It is necessary to choose the design of the signal used for localization appropriately. The frequency range of 18–20.6 kHz was selected for two main reasons. First, it falls above the 18 kHz threshold [28,29], making the acoustic signal inaudible for most humans. Second, it aligns with the frequency characteristics of the microphones, as explained in Section 2.1. and detailed in our publication [31]. This frequency range provides us with 2.6 kHz of bandwidth; thus, we needed to create four distinct signals, each designed to be easily distinguishable through correlation. With these considerations, we ensured efficient signal separation and accurate identification of the acoustic signal sources. We set the signal length to 50 ms based on the results of the authors in [42], who found that a signal with a length of 40 ms or more has an 80% higher rate efficiency (number of successful experiments/total number of experiments) and the average error of the estimated distance is lower by 0.05 m. Furthermore, the signal frequency is constrained by the array spacing, which must fulfil Equation (6):
d < c 2 B ,
where d is the length of the signal, c is the speed of sound, and B is the frequency band, which means that the length of the signal has to be shorter than 0.066 s.
ISI and MAI influenced our decision-making, and we chose the frequency separation of unique signals and LFM, which enabled us to determine the signal’s source using correlation. The description of the used signal can be found in Table 2. We tested the individual signals from the point of view of auto-correlation and cross-correlation with each other in ideal conditions and after passing through a real environment.
In the experiments, we used a sampling frequency of 48 kHz. We will gradually compare individual signals in ideal and real conditions. In Figure 1, there is a corresponding signal in each row, i.e., in the 1st row, it is signal 1, likewise in the column. On the main diagonal, there is the auto-correlation for each signal, i.e., S1 with S1, S2 with S2, etc. As we can see, the signal was well designed for an ideal environment and there are significant maximums.
To find out how the signal was distinguishable after passing through a real environment, we recorded one type of signal repeated five times and then we verified the discriminability of the signals by the correlation on these recordings. The results of the experiment can be found in Figure 2. A sampling frequency of 48 kHz was sufficient to distinguish individual signals after passing through the acoustic channel.
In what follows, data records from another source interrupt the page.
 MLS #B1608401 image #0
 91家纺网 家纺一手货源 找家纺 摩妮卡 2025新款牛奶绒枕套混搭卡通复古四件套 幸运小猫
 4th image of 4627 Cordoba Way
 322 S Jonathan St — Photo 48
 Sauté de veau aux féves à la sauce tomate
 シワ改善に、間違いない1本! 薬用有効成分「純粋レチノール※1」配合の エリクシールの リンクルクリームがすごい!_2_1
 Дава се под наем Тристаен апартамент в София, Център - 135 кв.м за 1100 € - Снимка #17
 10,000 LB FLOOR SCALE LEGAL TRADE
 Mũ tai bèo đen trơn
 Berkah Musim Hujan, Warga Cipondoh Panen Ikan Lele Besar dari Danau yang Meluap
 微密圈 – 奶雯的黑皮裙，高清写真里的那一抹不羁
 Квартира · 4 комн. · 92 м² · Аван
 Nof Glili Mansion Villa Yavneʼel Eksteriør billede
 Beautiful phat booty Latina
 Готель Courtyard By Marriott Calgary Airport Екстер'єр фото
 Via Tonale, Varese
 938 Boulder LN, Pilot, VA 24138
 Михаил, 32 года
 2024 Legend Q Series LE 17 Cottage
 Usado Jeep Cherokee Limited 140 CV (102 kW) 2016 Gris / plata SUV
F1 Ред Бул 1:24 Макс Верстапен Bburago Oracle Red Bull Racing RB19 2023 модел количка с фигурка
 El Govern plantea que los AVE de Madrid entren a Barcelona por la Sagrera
2.5. Signal Encoding and Decoding

Various encoding techniques are employed in acoustic positioning to embed position data into the acoustic signal. Data can be added to an audio signal using audio signal processing through a process called modulation. Frequency-shift keying (FSK) is a commonly used method to encode data into sound. In binary FSK, two frequencies are used, while quadrature FSK uses four frequencies. To increase the amount of data transmitted in a specific time frame, phase-shift keying (PSK) can be used. PSK achieves more efficient data transmission by utilizing changes in the signal’s phase. Through these techniques, data can be effectively embedded and transmitted within an audio signal. These encoding techniques ensure that the transmitted signal carries the necessary data for accurate position estimation.
On the receiving end, decoding algorithms are employed to extract the position information from the received signals. These algorithms analyze the received signal characteristics, such as the frequency, phase, or time of arrival, to determine the position-related data embedded in the signal. The choice of decoding algorithm depends on the encoding technique used and the specific requirements of the positioning system. Error correction techniques are often applied in the decoding process to enhance the robustness and reliability of position estimation. These techniques help mitigate the effects of signal degradation, noise, and interference. Robustness considerations are also vital in signal encoding and decoding. Positioning systems should be designed to withstand environmental variations, signal degradation, and interference. Robust encoding and decoding techniques, combined with error correction mechanisms, can enhance the system’s resistance to noise and improve the overall positioning accuracy.
Overall, signal encoding and decoding are critical components of acoustic positioning systems. By employing suitable encoding techniques, implementing effective decoding algorithms, and considering error correction and robustness considerations, accurate and reliable position estimation can be achieved in various applications.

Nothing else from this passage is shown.